This section describes the main principles and characteristics of SIFT [14] and ORB [5]. The goal of these algorithms is to match the content of a set of images to identify the common image regions. This is achieved in two phases: (a) feature extraction, i.e. identification of salient and locally distinguishable regions of the image, called key-points; (b) feature description, i.e. the computation and matching of the descriptors, which are discrete representations summarising the local structure around the detected key-points. The descriptors, in order to be effective, should be invariant to variations such as rotating, scaling and re-lighting.

Scale Invariant Feature Transform (SIFT) - Given an image I, SIFT builds up a pyramid structure whose base level contains the image I at full resolution, while the higher levels contain versions of I sequentially down-sampled. SIFT smooths each down-sampled version \(I_l\) of I by n Gaussian filters with increasing variance and computes the so-called differences of Gaussians, which encode the pixel-wise differences between the \(n-1\) pairs of subsequent Gaussian smoothed versions of \(I_l\). The key-points are defined as the corners corresponding to local maxima of the differences of the Gaussians within the pyramid. Every key-point is then identified by the quadruple \({<}p, s, r, f{>}\), where p is the key-point position in I, s is the scale (pyramid level), r is the orientation and f is the descriptor, which is a vector of 128 elements encoding the distribution of the orientation of the image gradients in the \(16 \times 16\) window W(x) centered at p. To make f invariant to rotations, the dominant orientation of the gradients in W(x) is computed and used to rotate the image before computing f.

In SIFT, the dissimilarity measure between two key-points is defined as the \(L^2\)-distance between their descriptors.

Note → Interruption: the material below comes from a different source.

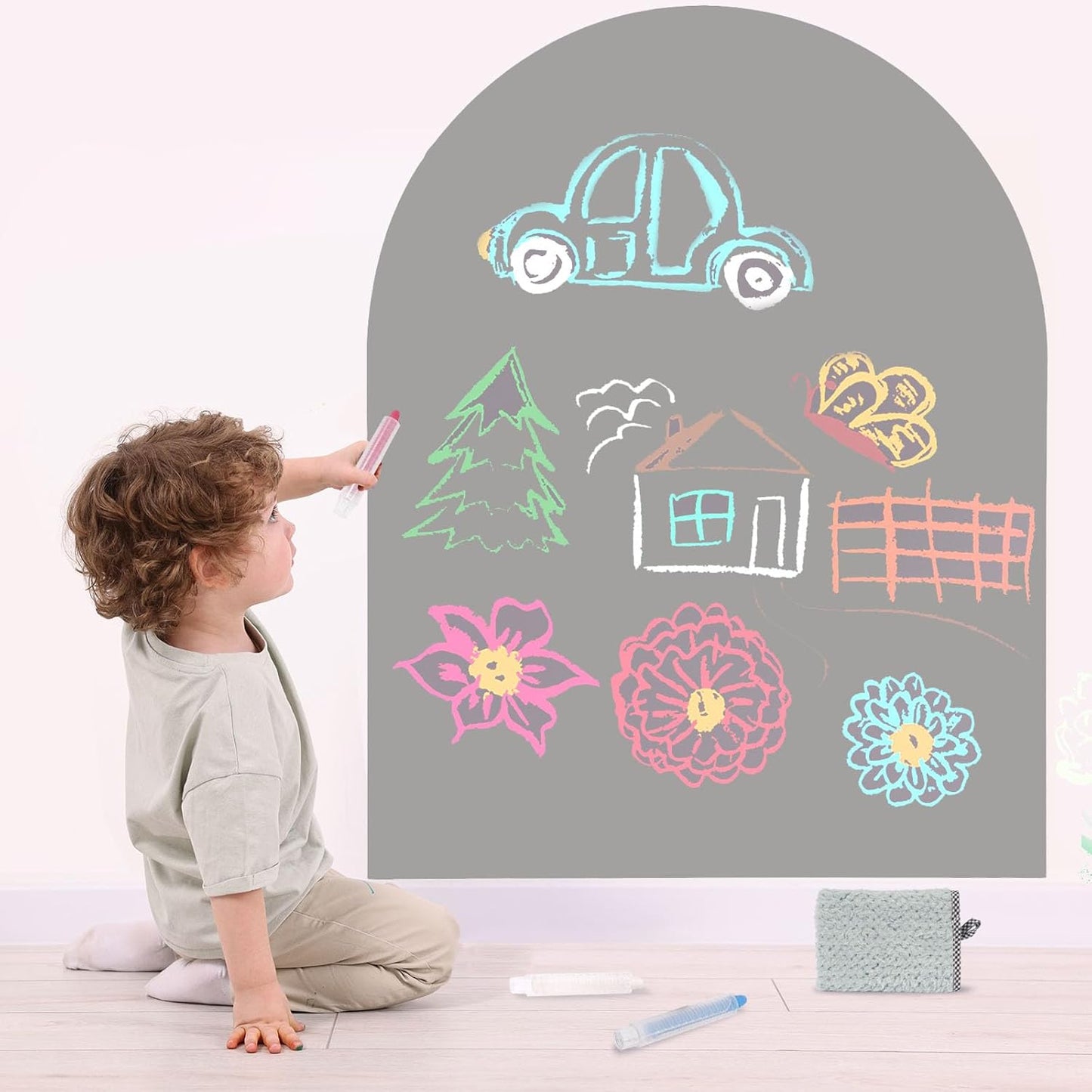 Magnetic Arch Wall Decal for Kids - Light Gray Chalkboard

Oriented FAST and Rotated BRIEF (ORB) - ORB is a combination of the feature extractor FAST [18] and the feature descriptor BRIEF [6] with some modifications which enable multi-scale matching and guarantee rotation invariance. In FAST, a pixel x is a key-point if its intensity exceeds by a pre-defined threshold the intensities of a set of pixels \(y_1\), ..., \(y_n\) equi-spaced on a circumference \(\Gamma (x)\) centered at x. BRIEF associates to each FAST key-point x the n- dimensional vector whose i-th entry is zero if \(I(x) < I(y_i)\) and one otherwise. To achieve invariance against re-scaling, ORB detects the FAST key-points (that are corners) at multiple scales. Moreover, for each key-point x, ORB defines the orientation \(\theta (x)\) of x as the angle between x and the intensity weighted centroid of a circular region C(x) around x. Finally, to grant robustness to rotation and noise, ORB computes the BRIEF descriptors of x on the patch C(x) steered by \(\theta (x)\) and smoothed by a Gaussian filter.

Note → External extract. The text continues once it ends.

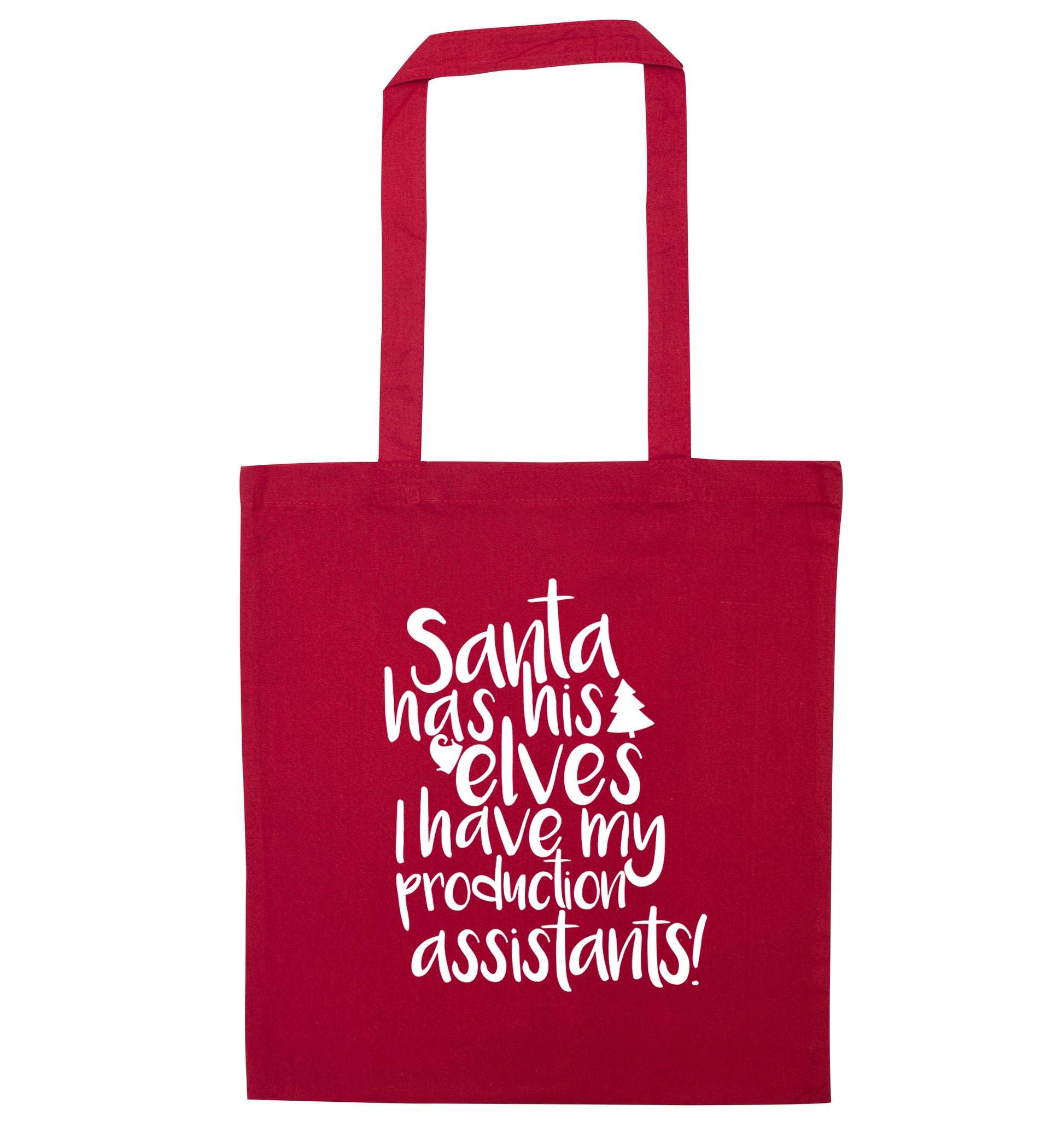 Santa has his elves I have my production assistants red tote bag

In ORB, the dissimilarity measure between two key-points is defined as the Hamming distance between their binary descriptors.

4 Evaluation

We assess the performance of each image enhancer by accounting for the variations of both the perceptual features and the retrieval accuracy.

Evaluation in Terms of Perceptual Changes - We quantify numerically the perceptual changes by four features, which reflect perceptual properties usually modified by an image enhancer: mean brightness, multi-resolution contrast [16], histogram flatness and NIQE [15].

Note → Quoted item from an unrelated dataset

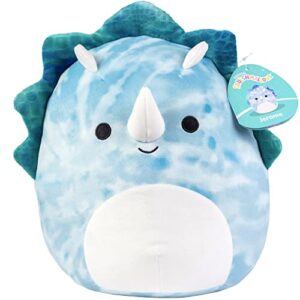 squishmallows 10" jerome the triceratops - officially licensed kellytoy plush - collectible soft & squishy dinosaur stuffed animal toy - add to your squad - gift for kids, girls & boys - 10 inch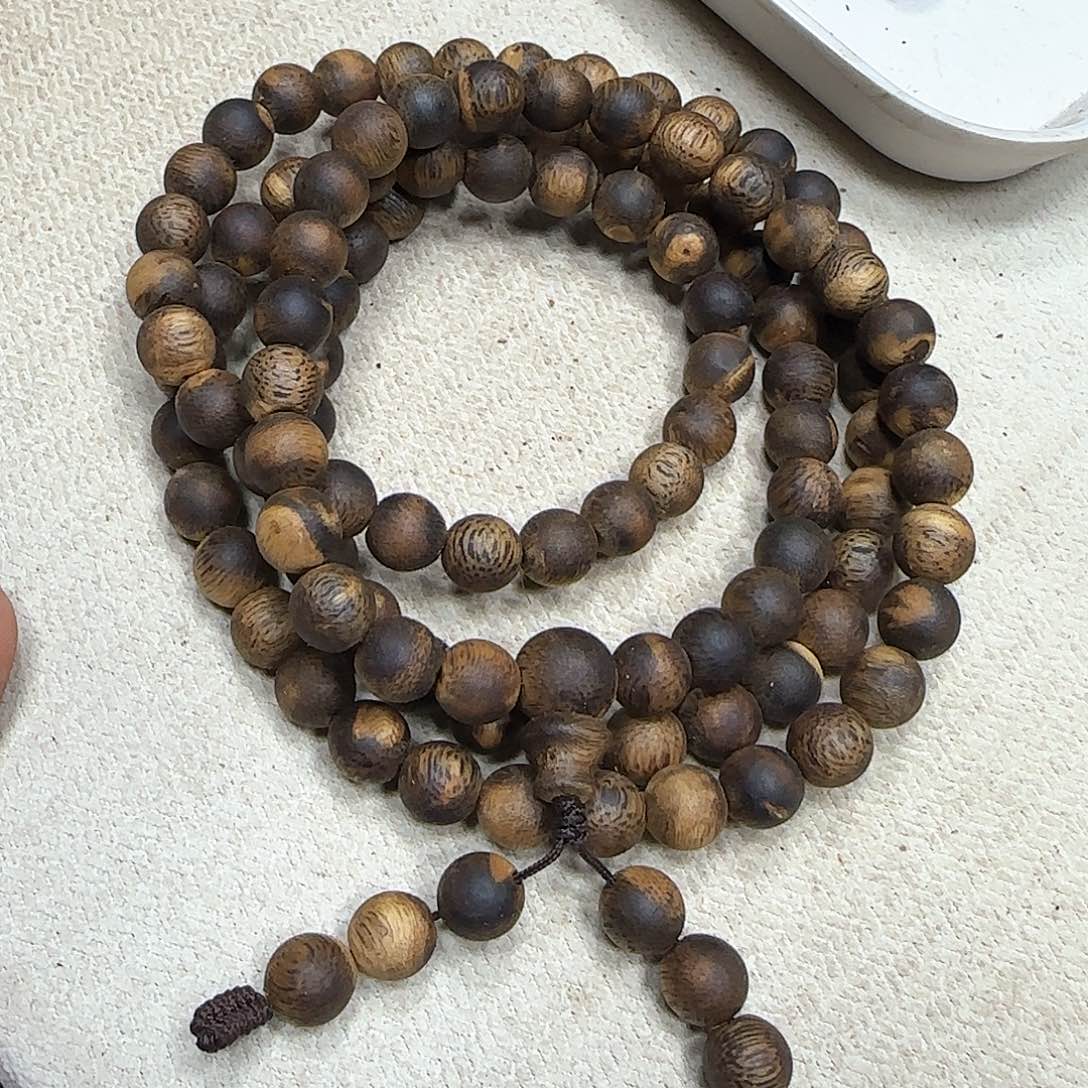 沉香沉香碎屑奇楠沉香圆珠长串0.8-28花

Given a color image J, the mean brightness B of J is the mean value of the intensities of the mono-chromatic image \(\mathcal B\), obtained by averaging pixel by pixel the channel intensities of J. The multi-resolution contrast \(\mathcal C\) is the average of the mean contrasts of Z images \(\mathcal {B}_1, \ldots , \mathcal {B}_Z\) obtained by half-scaling \(\mathcal B\) sequentially. Here, the mean contrast of \(\mathcal {B}_s\) (\(s \in 1, \ldots , Z\)) is the average value of the pixel contrasts \(C(\mathcal {B}_s(x))\) with \(x \in \mathcal {B}_s\), where \(C(\mathcal {B}_s(x))\) is the mean value of the differences \(|\mathcal {B}_s(x) - \mathcal {B}_s(y)|\) with y belonging to a \(3 \times 3\) window centered at x. The histogram flatness F measures the entropy of the probability density function h of \(\mathcal B\) as the \(L^1\) difference between h and an uniform probability density function. Finally, NIQE [15], here denoted by N, is a measure of image naturalness: it quantifies departures of J from image regularity, which is defined in terms of local second-order statistics.

Usually, an image enhancer increases the values of B and C, while decreases those of F and N, namely it makes the input image brighter and more contrasted, while it flattens its color distribution and smooths local irregularities. We observe that the exact amount of B, C, F and N and their variation after enhancement depend on the image at hand. In particular, for already clear images, the variation of B, C, F and N are negligible, while they are remarkable for unreadable images.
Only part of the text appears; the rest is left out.